Dalam kajian itu disebutkan, penyebab munculnya potensi bencana tanah longsor yaitu morfologi sebagian wilayah Kabupaten Jepara yang berada di lereng Gunung Muria. Di sisi lain, Gunung Muria memiliki topografi lereng yang tinggi dan terjal.
Selain itu, sebagian besar lahan di lereng digunakan sebagai permukiman dan memiliki potensi bahaya tanah longsor yang tinggi. Kondisi ini diperparah dengan pembangunan bangunan yang tidak memperhatikan aspek teknis yang aman, sehingga potensi tanah longsornya semakin tinggi.

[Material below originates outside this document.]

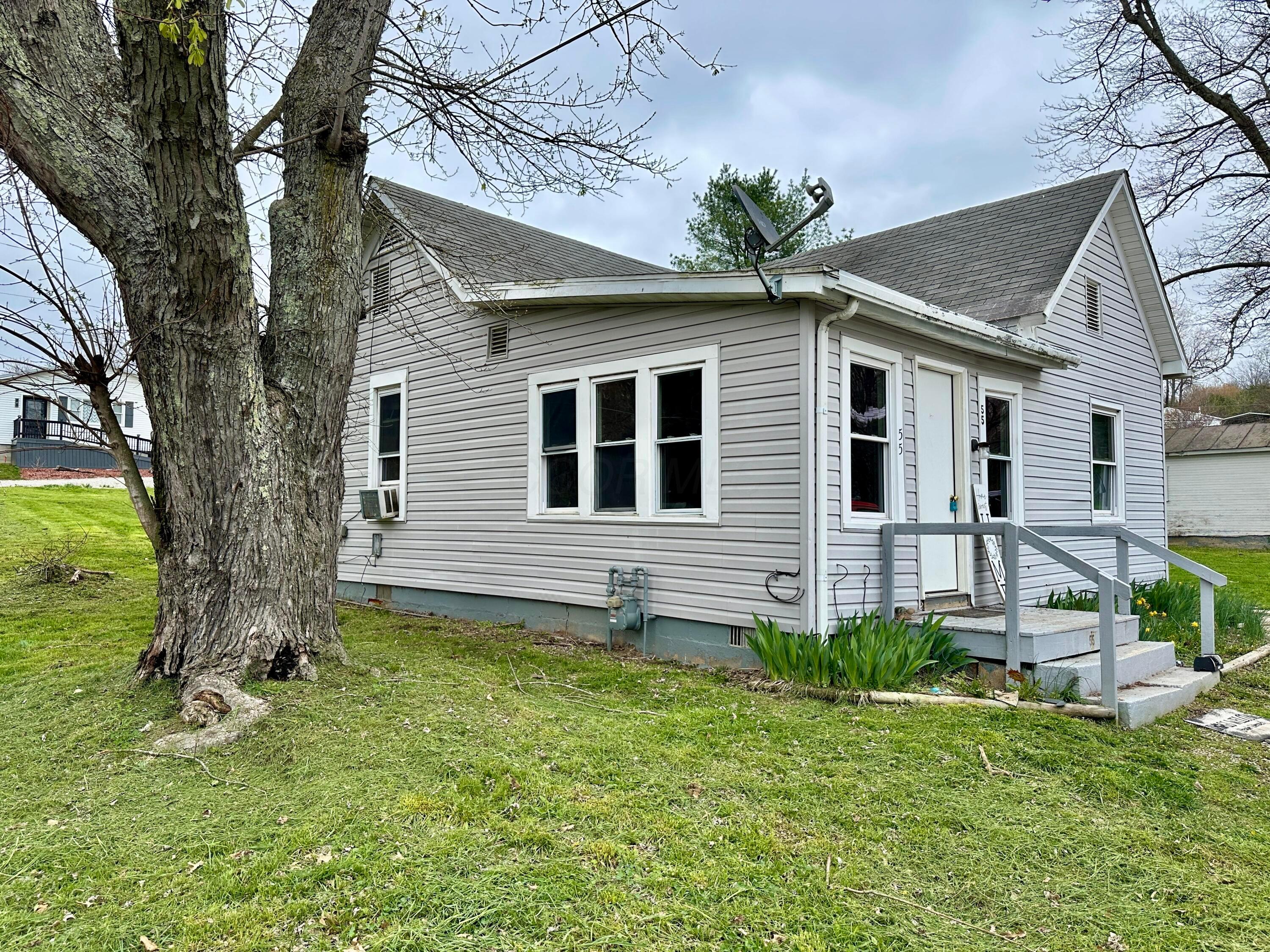 55 Hill Street Property Photo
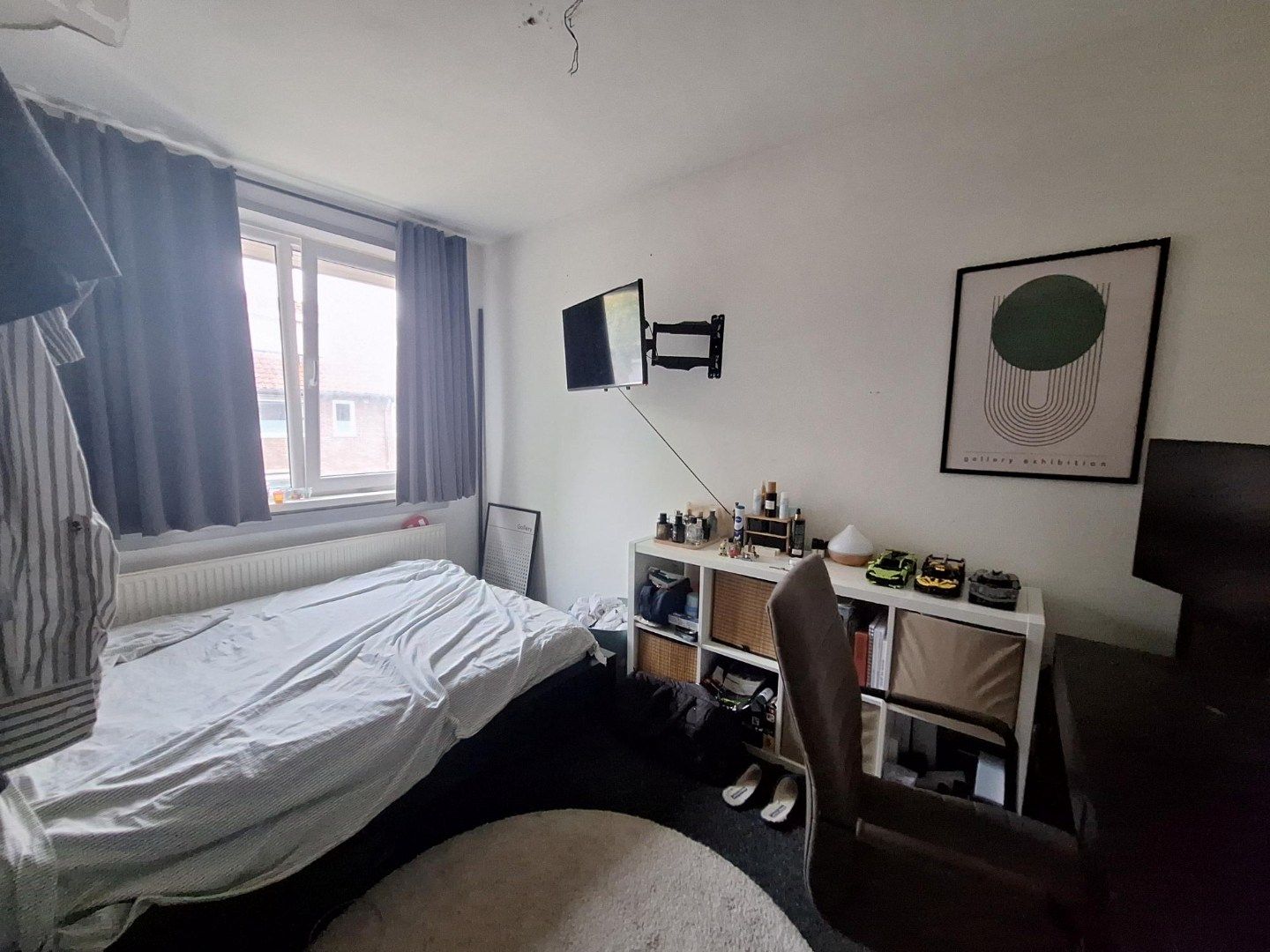 Photo 9 of Klundertstraat 11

Plt Kepala Pelaksana Harian Badan Penanggulangan Bencana Daerah (BPBD) Kabupaten Jepara, Arwin Noor Isdiyanto menyebutkan, beberapa desa yang berisiko tinggi terjadi tanah longsor antara lain Desa Tanjung, Tempur, Watuaji, Damarwulan dan beberapa desa yang berada di lereng pegunungan Muria.
Khusus di Desa Tempur, sebut Arwin, sudah ada alat pendeteksi tanah longsor. Hanya saja, beberapa waktu lalu alat itu rusak dan saat ini sedang diperbaiki oleh pemerintah desa.
Baca Juga: 8 Ribu Hektare Lahan di Jepara Kritis, Mayoritas di Lereng Muria
Untuk mengantisipasi terjadinya tanah longsor, lanjut Arwin, Bupati Jepara telah mengeluarkan Surat Keputusan (SK) siaga darurat bencana. SK itu sebagai alarm untuk semua pihak, termasuk masyarakat, untuk bersiaga dengan potensi bencana apapun.
“Karena ini sudah musim hujan, berbagai bencana, termasuk tanah longsor berpotensi terjadi di Jepara. Kami imbau semua pihak ikut bersiaga. Jika ada peristiwa alam, silahkan langsung menghubungi kami,” katanya pada Jumat, (12/12/2025).